The PPFA factsheet also noted: “Parental consent or notification statutes have been used as a tool to deny access to abortion services for minors. When such laws deny or interfere with the ability of minors to access abortion services, they would violate FOCA.”
Kmiec’s nonchalant suggestion that the federal courts would likely protect the states from the destructive impact of the FOCA is certainly unpersuasive, especially considering the type of result-oriented jurists that Obama can be expected to nominate to the U.S. Supreme Court if he is given the opportunity.

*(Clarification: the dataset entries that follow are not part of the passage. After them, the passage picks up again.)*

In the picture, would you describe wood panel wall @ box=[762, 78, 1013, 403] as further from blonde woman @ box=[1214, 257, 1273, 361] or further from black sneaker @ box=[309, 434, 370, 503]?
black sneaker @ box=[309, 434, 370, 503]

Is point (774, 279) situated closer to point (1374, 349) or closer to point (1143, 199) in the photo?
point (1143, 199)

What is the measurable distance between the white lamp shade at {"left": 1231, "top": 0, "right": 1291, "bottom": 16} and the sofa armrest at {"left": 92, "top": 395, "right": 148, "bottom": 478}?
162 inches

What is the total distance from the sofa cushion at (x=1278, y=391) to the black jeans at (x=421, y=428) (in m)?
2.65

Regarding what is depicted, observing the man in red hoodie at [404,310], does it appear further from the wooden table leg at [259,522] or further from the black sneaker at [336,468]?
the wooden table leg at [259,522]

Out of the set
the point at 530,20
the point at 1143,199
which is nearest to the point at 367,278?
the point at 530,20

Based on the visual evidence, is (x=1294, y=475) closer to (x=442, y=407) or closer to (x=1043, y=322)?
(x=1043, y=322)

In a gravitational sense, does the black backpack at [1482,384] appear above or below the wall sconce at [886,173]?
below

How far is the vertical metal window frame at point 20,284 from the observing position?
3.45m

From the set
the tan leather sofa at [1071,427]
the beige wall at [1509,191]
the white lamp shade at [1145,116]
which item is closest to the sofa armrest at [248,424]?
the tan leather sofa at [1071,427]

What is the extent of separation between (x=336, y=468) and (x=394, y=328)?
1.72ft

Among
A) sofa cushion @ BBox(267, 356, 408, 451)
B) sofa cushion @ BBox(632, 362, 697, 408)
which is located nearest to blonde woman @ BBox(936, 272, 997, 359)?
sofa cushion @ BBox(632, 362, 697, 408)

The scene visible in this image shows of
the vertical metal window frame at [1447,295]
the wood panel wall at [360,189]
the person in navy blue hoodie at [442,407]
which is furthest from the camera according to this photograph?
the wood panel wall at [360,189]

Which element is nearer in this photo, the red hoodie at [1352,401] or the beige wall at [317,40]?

It was very definitely not part of the Obama “messaging” strategy to talk to the “faith communities” about Obama’s commitment to the “Freedom of Choice Act” — a bill that, as Cardinal Rigali points out, “would counteract any and all sincere efforts by government to reduce abortions in our country.” It is, however, an honest journalist’s job to present information about the contending candidates in a straightforward, symmetrical fashion. That means it is long past time for honest journalists to start mentioning Obama’s commitment to the FOCA — and to accurately describe what that bill would do — at least as often as they discuss McCain’s position on a constitutional amendment on abortion.
The Constitution does not give the president any formal role whatever in the constitutional amendment process. (A constitutional amendment requires a two-thirds vote in each house of Congress, and ratification by at least 38 state legislatures, but not the president’s signature.) With respect to regular bills, however, such as the “Freedom of Choice Act,” the president’s hand holds great power: to veto the bill — thereby protecting hundreds of pro-life laws and saving potentially millions of human lives, which is what a President John McCain would do if the “Freedom of Choice Act” reaches his desk — or to sign the execution order, as Barack Obama has pledged to do.
— Douglas Johnson is legislative director for the National Right to Life Committee.